Yaratılmışlar düzleminde iki şeyin başka olduğundan bahsedebilmek için bu iki şeyin en azından bir yönden farklı, bir yönden de özdeş olmaları gerekir. Mesela iki dostun, dostluklarının tahakkuk ettiği zeminde bir tür özdeşliği bulunur. Bir insan ile onun sahip olduğu bir hayvan, mahiyetleri bakımından farklı olsalar da canlı olmak bakımından bir ortak kümenin üyeleridir. Bu ortaklık en genel manada yaratılmış olarak varoluşta ortak olmaya kadar genişleyebilir.

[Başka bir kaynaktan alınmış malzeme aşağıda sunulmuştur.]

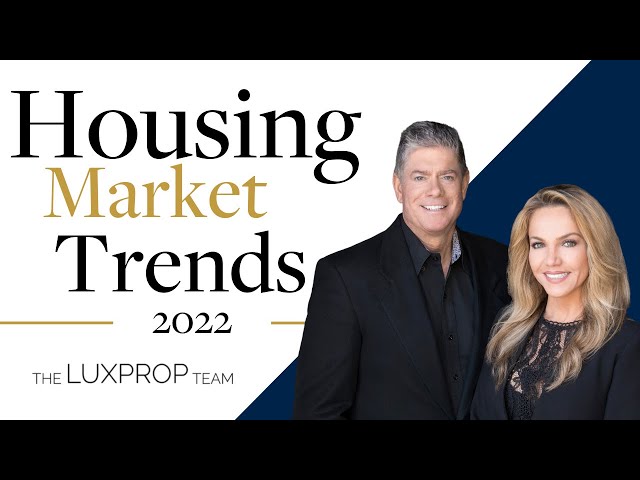 Sacramento Housing Market Trends 2022 | The LUXPROP Team | Luxury Properties Specialists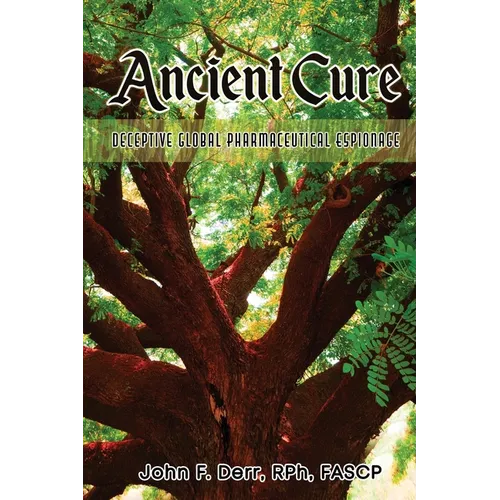 Ancient Cure: Deceptive Global Pharmaceutical Espionage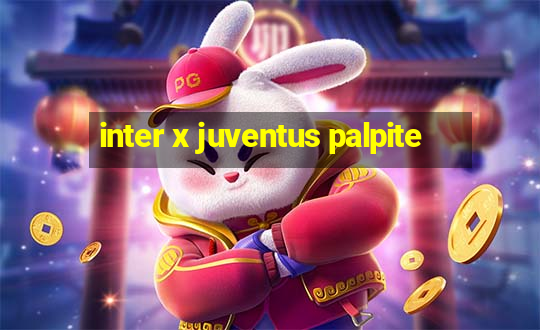 inter x juventus palpite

Bilgi düzleminde ise bilen ile bilinen şeklinde vaz edilen iki başka arasında hakiki veya itibari bir başkalık olmalı (zira her bakımdan aynı olan “şeyler” aslında tek bir şeyden ibarettir) ve bilenle bilinen nesne arasında bir tüm münasebet bulunmalıdır (aralarında bilen özne ile hiçbir türden münasebet bulunmayan bir nesne bilinemez). Bir şeye ilişkin farkındalık yalnız farkında olan özneyi değil, farkında olunan nesneyi de inşa eder: İnsan bir şeyleri bildiği, onların farkına vardığı ölçüde sürekli yeniden inşa edilen bir varlıktır. Bilinen nesneler de özne tarafından bilinip farkına varıldığı ölçüde öznenin anlam dünyasında yer edinir ve buna göre yeniden tanımlanıp anlam ve isim kazanır (adaletin bir boyutu isimlendirme aşamasında ortaya çıkar, zira zulümlerin bir kısmı, bir şeyi hak etmediği şekilde isimlendirmektir). İnsanın -tıpkı diğer mümkün varlıkların da olduğu gibi- asli anlamı muhtaçlıktır. Başka ile olan münasebetlerinde muhtaçlığın muhtelif tezahürlerine aşinalık kesbeder, bilgi ve eylem alanlarında insan kendisini, başkalarıyla münasebetlerinde gerçekleştirir. Her şeyden önce insan kendisini tanımak için başkasına muhtaçtır; kendimizi başkasının aynasında tanır, başkasının bize bakışında kendimizle yüzleşiriz. Ayrıca her türlü sahici ahlak tasavvurunda, karşıdakinin aslında bizim bir parçamız olduğu, “ben” ile “sen”in sözün hakiki anlamında birbirinden ayrıştırılmasının imkânsız olduğu bilinci vardır. “Ben”in kurucu unsurlarının en önemlilerinden birisi “ben olmayan”dır: Bu ben olmayan derece derece, en yakın aile çevresinden komşu ve dostlara, mahalle, şehir ve ülke halkına, ortak inanç ve kültürün paylaşıldığı bütün insanlara ve nihayetinde tüm insanlığa kadar uzanır. Birbirimize karşı sorumlu oluşumuzun zemini buradadır.[1]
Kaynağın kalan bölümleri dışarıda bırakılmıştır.